ANKARA - Polen Ekoloji Kolektifi Üyesi Umut Şener, Licik’teki siyanür sızıntısının Çernobil sonrası yaşanan kanser vakalarına benzer bir süreci yaratabileceği uyarısında bulundu.
Erzingan’ın (Erzincan) Licik (İliç) ilçesinde bulunan Anadolu Gold A.Ş. firmasının işlettiği altın madeninde 13 Şubat tarihinde yaşanan göçük faciasının üzerinden 20 gün geçti. Toprak altında kalan 9 işçiye dair arama çalışmaları sonlandırılmış durumda. Uzmanlar ise milyonlarca ton siyanürlü toprağın dere yatağına kaydığını ve Fırat nehri başta olmak üzere bölgede olan yeraltı ve yer üstü sularla temas etme riskine dikkat çekiyor.
Polen Ekoloji Kolektifi Üyesi Umut Şener, Licik’te 13 Şubat’ta meydana gelen göçük ve sonrasındaki gelişmeleri değerlendirdi.

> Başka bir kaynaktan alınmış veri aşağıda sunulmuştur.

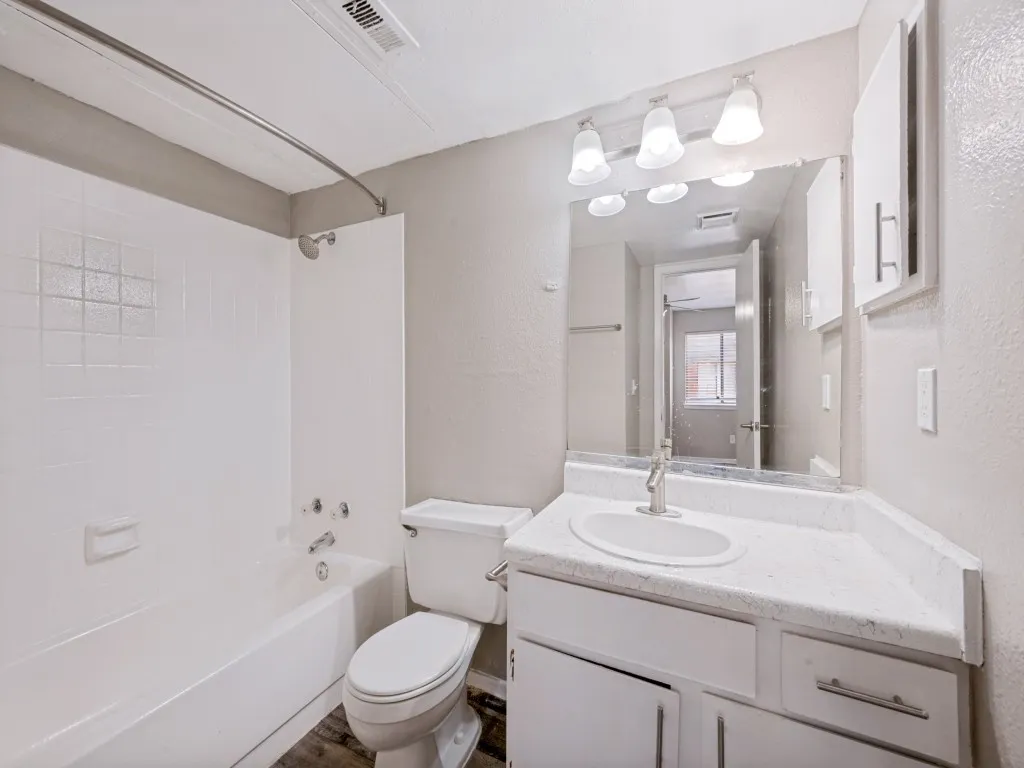 Condominium For Sale in Tarrant County , 1122 Millview Drive 702, Arlington, Texas 76012, 3 Bedroom, 2 Bathroom, Garage spaces, 1,199 Sqft, built in 1984, Price $145,000, mls#21366766, Real Estate Agent in Arlington, Homes For Sale in Tarrant county, Homes For Sale in Arlington, Realtor in Arlington Texas, Real Estate Brokerage Independent Realty Texas, Luminita Cordes Realtor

Licik’teki eko-kırımın iki yönlü ele alınması gerektiğini belirten Şener, “Birincisi yaşanan katliamın sorumlusu olarak devlet ve iktidar cephesinde neler yapıldı? İkincisi ise doğa ve yaşam savunucuları bu konuda neler yaptılar?” sorularını sordu.
Facianın ardından meşruiyeti olmayan, katmerleşmiş yalanlar içeren resmi açıklamalarda bulunulduğunu dile getiren Şener, “Üstelik iktidar tarafından yapılan ilk açıklamalar ve resmi yazılarda yoruma açık ifadeler duymuştuk. Fakat gerçeklik bugün belgelerle karşımızda duruyor. Mesela belgelenenler arasında en ciddi olanlarından birisi İliç’te yer alan Çöpler Maden Havzası civarında 400 metrelik fay alanının bulunduğu ve bunun bölgede çevre etüdü yapılırken (siyanür havuzunun ve tesislerin kurulma aşamasında) raporlara işlenmediği oldu. İkincisi ise, yine bölgedeki su kaynakları çevre etüdü yapılırken haritada yer almadı ve yok sayıldı. Bu durum artık belgelerde ve raporlarda görülüyor. Bu durum, devlet ve iktidarın yaşananlara yaklaşımını gösteriyor” ifadelerini kullandı.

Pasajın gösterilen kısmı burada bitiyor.